Only she didn’t go to the captain’s ready room to fix the replicator. No secret that the five Equinox survivors weren’t exactly on the captain’s hit parade. The captain wouldn’t leave for a briefing for another two hours after which she’d head down to the planet. With four hours to kill before the coast was clear, Marla detoured to Lieutenant Coleman’s quarters, figuring that surely his little glitch had priority.
And that’s when the second thing she’d wished for came true: as she lay on her back, fiddling with an intake baffle of a waste reclamation unit. (Starfleet-speak for a john. What a crock. Look over any starship specs, and you’d wonder why the hell no one ever bothered to put in the johns. Showers, the designers didn’t seem too embarrassed about. But johns? Forget it. A hundred million years from now, there’d probably be some archaeological exhibit claiming humans could tolerate deep space because no one ever had to pull over. Honestly.)
She hated the work. Not because it involved a john but because her workspace was so tiny, her heart seized and fingers of anxiety stepped up and down the ladder of her spine. Little no-nothing space, and you never knew when an interspatial fissure was going to open up and then the last thing you’d see was a streak of gold light and then…
C’mon. Marla forced her trembling fingers to cooperate. She bit down on her lower lip, hard. Don’t worry about the mule, just load the wagon. No bad ghostie alien light coming to gobble you up.

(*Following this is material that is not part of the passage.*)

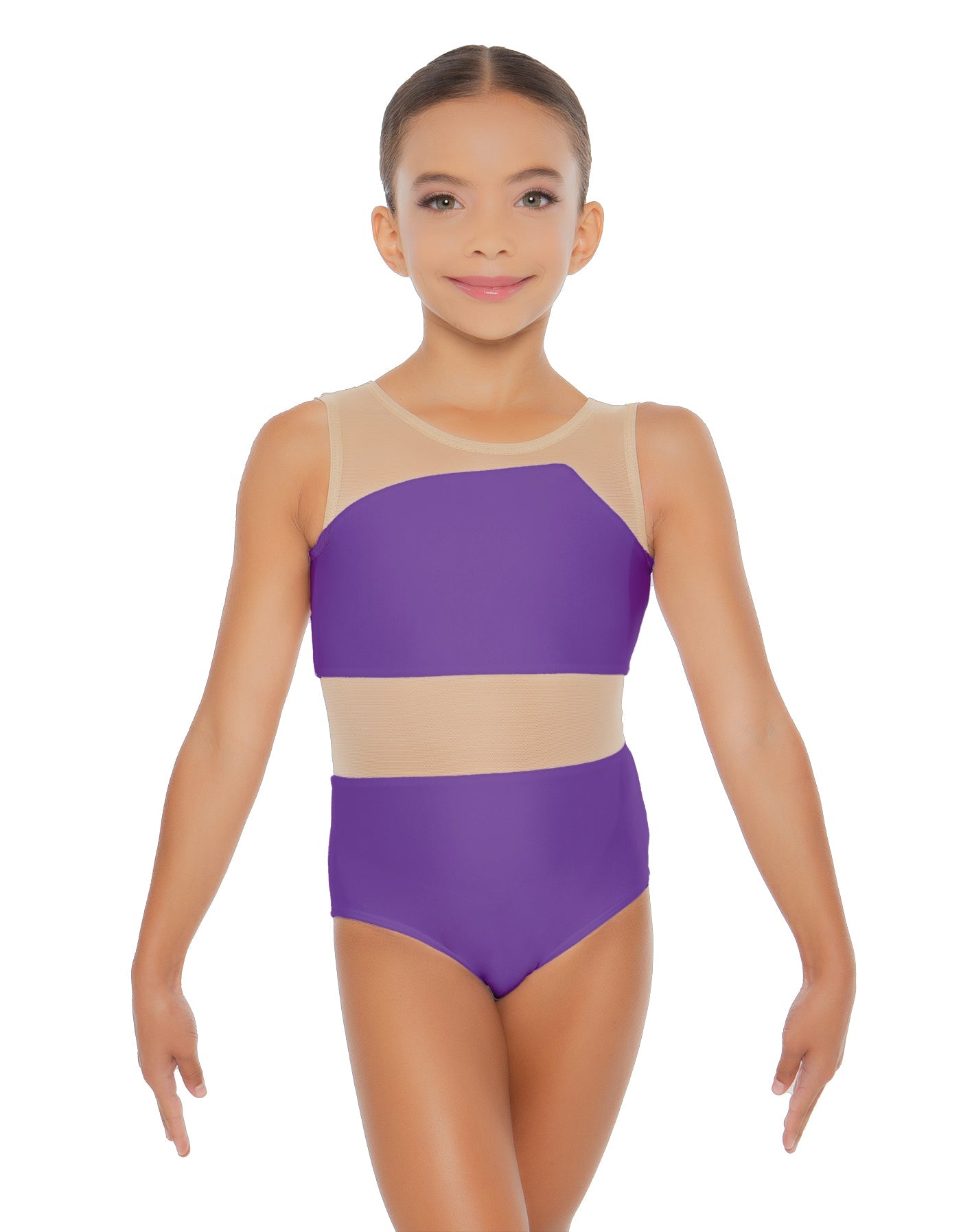 Solid Lycra Defined Leotard Nude Mesh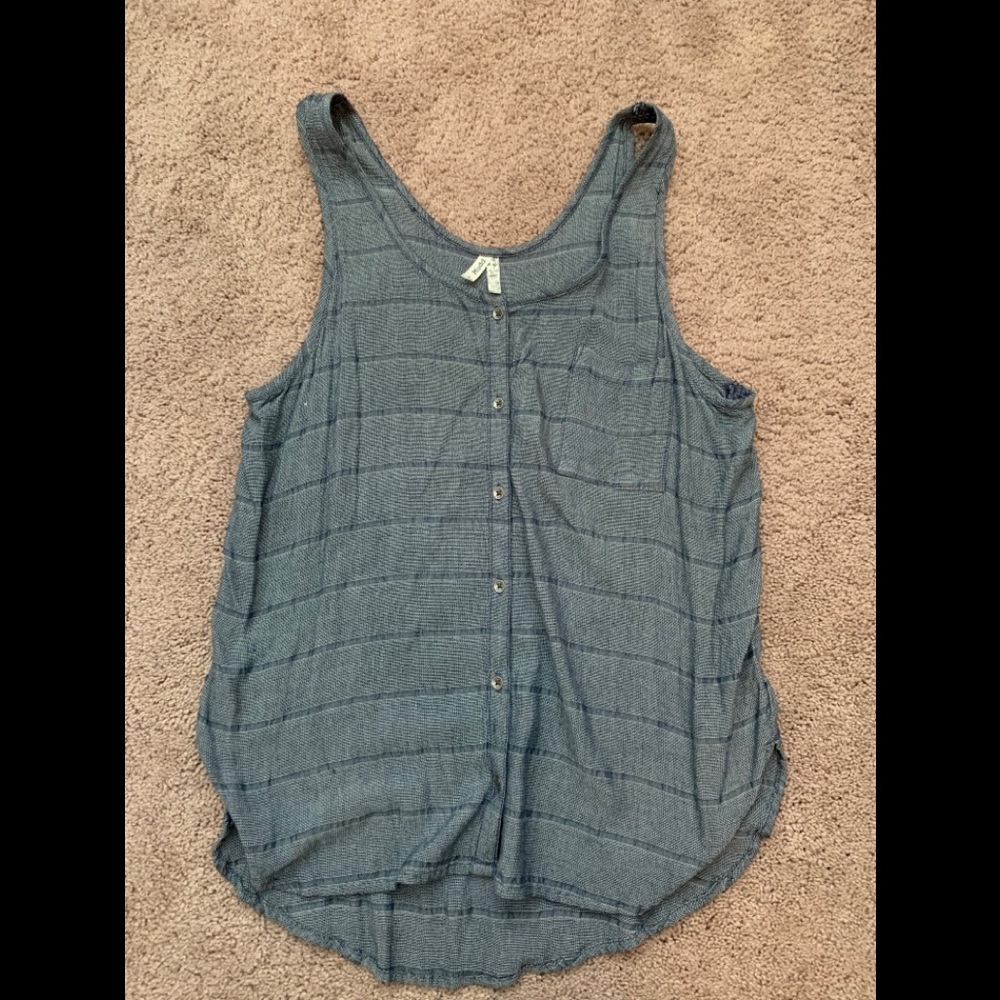 Blue subtle striped tank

Just do the work, get it done….
She was concentrating so hard that when Seven’s voice sounded over her combadge, Marla near about jumped out of her skin. Clamping back a scream, she held her breath a sec, then let it out. “Say again, please?”

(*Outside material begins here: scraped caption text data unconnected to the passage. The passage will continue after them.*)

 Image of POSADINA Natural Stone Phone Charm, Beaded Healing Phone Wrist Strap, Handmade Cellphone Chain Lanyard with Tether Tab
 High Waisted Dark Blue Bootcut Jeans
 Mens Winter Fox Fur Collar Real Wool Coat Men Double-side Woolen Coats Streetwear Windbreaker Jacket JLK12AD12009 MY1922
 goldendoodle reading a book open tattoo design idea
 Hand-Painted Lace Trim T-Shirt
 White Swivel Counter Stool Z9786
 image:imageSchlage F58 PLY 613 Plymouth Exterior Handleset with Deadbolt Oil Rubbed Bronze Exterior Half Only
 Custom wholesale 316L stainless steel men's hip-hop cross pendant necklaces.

Seven did. (Not happily; Marla’s brain would have to be on life support to miss that. Seven was tighter than bark on a tree and not exactly known for little niceties like nuance and generosity.) So when Marla registered what Seven was really saying, Marla just… froze. Baffle bolt in one hand, Mulliard slip-wrench in the other, and her heart crowding into the back of her throat.
“Say again?” she asked. “From where? Are you sure?” And thinking: It can’t be because that means Janeway told them. Please, God…
“Obviously, Crewman, if you’ve processed that I indeed said something and now ask if what you claim not to have heard is accurate, questions are rhetorical.” Seven might as well have added and dumb as a stump. “Nevertheless, I believe the appropriate responses are: You have a message from Earth, and, yes, I am sure.”
Marla’s reaction wasn’t what she’d always thought. She didn’t drop everything. She didn’t cry or scream or faint. She didn’t even smile. Instead, Marla thanked Seven and finished fixing Coleman’s john. Then she repacked her tools and took her time going to astrometrics. Once there, Seven arched an eyebrow and handed her a padd; Marla thanked her, took it, did an about face and walked out of astrometrics.
And the thing was… she couldn’t play the message. Didn’t even check who sent it. Only one person it could be, anyway. Instead, she slipped the padd into a pouch on her tool belt and knocked off for coffee. She didn’t really want coffee. She just wanted to get someplace where no one would bother her.